Both the type of orphanages have their own faculty to provide for the educational needs of the children. How often or how much health education is imparted to the children is a concern seeing the presence of untreated decay in children. Another factor that can be responsible for the presence of decay in children is free access to sugary foods and sweetened drinks and most of the times, as a sympathetic gesture, people hand out sweets to these children which further escalates the problem.

The children had come to the orphanages at different ages and some even visit their relatives in vacations, this can also be attributed for presence of untreated decay as when children are away from the orphanage, their dietary and oral hygiene practices may differ [14].

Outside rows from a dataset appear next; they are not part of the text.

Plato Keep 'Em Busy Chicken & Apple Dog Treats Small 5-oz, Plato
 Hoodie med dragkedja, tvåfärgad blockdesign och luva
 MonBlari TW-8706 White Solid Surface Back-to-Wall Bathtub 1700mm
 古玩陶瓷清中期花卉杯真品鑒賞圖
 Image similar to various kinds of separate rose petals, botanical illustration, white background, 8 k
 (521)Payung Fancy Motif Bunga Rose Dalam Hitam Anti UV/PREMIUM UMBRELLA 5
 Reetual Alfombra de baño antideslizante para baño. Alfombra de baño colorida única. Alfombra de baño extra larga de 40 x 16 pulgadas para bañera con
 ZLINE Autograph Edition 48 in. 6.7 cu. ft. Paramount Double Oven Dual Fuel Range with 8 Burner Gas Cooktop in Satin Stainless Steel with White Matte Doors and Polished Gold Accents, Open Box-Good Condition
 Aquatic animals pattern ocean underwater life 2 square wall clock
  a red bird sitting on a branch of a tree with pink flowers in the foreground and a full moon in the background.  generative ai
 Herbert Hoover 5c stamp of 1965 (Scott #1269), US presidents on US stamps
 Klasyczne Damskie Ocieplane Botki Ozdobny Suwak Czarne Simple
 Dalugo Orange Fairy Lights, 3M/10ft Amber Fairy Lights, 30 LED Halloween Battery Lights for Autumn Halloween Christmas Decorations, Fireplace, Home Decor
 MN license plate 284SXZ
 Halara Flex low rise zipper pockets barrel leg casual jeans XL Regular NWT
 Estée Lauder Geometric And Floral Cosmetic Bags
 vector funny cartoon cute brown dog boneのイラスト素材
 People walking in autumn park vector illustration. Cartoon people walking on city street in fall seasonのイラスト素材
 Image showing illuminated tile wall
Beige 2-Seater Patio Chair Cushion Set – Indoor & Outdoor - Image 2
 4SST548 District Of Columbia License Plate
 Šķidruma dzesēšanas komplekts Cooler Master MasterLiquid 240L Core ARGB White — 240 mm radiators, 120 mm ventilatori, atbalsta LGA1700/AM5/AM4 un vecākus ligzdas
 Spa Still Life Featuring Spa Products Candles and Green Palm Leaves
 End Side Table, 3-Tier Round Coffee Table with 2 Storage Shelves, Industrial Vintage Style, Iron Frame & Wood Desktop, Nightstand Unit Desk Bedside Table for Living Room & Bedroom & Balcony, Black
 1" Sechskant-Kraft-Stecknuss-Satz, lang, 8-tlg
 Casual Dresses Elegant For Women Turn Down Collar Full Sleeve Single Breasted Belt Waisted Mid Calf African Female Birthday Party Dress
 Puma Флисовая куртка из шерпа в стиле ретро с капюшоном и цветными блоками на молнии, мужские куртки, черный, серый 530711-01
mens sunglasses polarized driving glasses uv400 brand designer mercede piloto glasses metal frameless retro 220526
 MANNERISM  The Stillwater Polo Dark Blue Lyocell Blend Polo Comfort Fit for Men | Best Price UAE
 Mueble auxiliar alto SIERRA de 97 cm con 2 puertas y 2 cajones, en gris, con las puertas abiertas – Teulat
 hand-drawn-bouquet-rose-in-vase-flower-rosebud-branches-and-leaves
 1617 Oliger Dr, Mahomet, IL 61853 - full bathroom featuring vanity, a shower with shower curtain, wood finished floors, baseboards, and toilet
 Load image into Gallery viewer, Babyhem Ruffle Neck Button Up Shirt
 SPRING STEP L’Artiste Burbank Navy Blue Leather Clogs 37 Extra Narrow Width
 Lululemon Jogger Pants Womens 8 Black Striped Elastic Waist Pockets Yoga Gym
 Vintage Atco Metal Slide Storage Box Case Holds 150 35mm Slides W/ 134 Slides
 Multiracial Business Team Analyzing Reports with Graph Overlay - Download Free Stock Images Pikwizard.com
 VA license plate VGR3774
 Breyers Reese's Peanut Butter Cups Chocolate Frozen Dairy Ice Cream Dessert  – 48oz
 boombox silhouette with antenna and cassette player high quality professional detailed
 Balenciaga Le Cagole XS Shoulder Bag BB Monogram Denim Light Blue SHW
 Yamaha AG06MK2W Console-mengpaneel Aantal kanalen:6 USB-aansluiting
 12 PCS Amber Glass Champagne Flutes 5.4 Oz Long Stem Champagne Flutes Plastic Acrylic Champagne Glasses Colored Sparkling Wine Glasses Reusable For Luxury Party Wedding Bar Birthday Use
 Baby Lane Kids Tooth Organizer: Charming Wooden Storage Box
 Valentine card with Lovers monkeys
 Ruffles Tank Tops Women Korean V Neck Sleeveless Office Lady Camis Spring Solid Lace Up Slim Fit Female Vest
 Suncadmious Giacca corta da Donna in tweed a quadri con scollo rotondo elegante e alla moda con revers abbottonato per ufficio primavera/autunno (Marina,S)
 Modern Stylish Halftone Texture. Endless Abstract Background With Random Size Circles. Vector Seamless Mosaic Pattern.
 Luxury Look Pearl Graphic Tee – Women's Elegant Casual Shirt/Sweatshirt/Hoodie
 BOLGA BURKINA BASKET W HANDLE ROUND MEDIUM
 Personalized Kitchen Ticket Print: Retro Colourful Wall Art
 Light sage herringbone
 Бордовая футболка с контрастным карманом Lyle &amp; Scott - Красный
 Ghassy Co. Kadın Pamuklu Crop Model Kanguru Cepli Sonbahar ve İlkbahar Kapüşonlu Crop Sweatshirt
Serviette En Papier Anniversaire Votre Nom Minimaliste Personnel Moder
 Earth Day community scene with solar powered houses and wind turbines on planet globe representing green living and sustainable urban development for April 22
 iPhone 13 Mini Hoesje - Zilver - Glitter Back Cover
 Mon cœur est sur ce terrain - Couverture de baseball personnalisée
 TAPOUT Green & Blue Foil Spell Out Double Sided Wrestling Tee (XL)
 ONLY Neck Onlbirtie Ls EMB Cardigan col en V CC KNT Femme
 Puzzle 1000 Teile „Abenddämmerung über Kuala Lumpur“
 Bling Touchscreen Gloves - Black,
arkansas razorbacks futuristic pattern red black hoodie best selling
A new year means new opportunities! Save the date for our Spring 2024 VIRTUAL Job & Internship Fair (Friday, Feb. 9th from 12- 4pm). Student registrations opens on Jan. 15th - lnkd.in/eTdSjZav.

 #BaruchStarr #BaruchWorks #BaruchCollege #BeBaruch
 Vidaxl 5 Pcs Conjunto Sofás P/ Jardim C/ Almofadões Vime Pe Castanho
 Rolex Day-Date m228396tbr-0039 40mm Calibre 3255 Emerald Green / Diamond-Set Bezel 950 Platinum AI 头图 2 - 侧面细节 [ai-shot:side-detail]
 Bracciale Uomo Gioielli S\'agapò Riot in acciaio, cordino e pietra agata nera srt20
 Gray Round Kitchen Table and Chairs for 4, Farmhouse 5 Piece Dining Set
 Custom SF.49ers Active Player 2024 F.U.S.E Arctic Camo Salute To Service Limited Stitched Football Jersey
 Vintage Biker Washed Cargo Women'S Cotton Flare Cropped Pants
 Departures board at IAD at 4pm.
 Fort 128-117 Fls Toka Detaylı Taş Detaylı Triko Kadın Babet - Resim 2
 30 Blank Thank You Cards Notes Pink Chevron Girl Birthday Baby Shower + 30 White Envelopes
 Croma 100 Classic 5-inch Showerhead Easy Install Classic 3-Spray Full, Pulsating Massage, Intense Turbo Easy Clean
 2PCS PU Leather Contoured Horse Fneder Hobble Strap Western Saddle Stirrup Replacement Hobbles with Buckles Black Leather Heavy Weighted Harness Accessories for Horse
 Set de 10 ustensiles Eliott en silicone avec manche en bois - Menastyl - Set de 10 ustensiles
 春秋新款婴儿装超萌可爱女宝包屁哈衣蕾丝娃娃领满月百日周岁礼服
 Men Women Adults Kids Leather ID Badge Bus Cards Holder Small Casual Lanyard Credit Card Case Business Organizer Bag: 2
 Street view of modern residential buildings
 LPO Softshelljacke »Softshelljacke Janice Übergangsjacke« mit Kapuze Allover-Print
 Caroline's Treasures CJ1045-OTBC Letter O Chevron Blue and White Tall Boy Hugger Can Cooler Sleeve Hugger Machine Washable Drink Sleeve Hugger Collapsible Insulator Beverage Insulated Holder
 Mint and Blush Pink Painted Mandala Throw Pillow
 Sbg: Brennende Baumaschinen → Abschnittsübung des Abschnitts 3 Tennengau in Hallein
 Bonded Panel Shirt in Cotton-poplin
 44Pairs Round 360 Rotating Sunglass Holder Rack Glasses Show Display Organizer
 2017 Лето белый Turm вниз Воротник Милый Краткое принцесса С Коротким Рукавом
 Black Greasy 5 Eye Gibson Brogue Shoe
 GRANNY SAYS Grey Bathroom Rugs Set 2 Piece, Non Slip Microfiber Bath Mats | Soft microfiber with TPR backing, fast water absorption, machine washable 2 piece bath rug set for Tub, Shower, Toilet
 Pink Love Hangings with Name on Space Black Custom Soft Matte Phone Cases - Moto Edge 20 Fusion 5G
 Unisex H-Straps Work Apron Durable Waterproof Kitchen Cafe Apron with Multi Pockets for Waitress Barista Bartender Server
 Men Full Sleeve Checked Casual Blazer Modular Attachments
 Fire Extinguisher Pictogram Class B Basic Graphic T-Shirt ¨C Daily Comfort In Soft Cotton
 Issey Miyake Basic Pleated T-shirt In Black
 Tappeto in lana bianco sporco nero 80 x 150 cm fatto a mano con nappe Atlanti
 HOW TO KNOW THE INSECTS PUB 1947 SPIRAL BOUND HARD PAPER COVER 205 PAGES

The large sample size taken in this study provided us with an opportunity to sample children with primary and permanent dentition, hence, study decay and untreated decay levels in both the dentition. A limitation of our study is not being able to take into consideration the time period a child has spent in the orphanage or spends outside it, as this could have accounted for the influence of external environment.

Conclusions

PUFA index can be used as an effective tool for evaluation of clinical consequences of untreated decay. When used in conjunction with DMFT index, it can provide valuable data for planning of preventive services and provision of treatment to those with urgent treatment needs. Initiation of oral health promotion programmes to train the faculty, staff and children residing in the orphanages, in oral hygiene maintenance would greatly help towards reducing the burden of oral diseases for the under privileged children.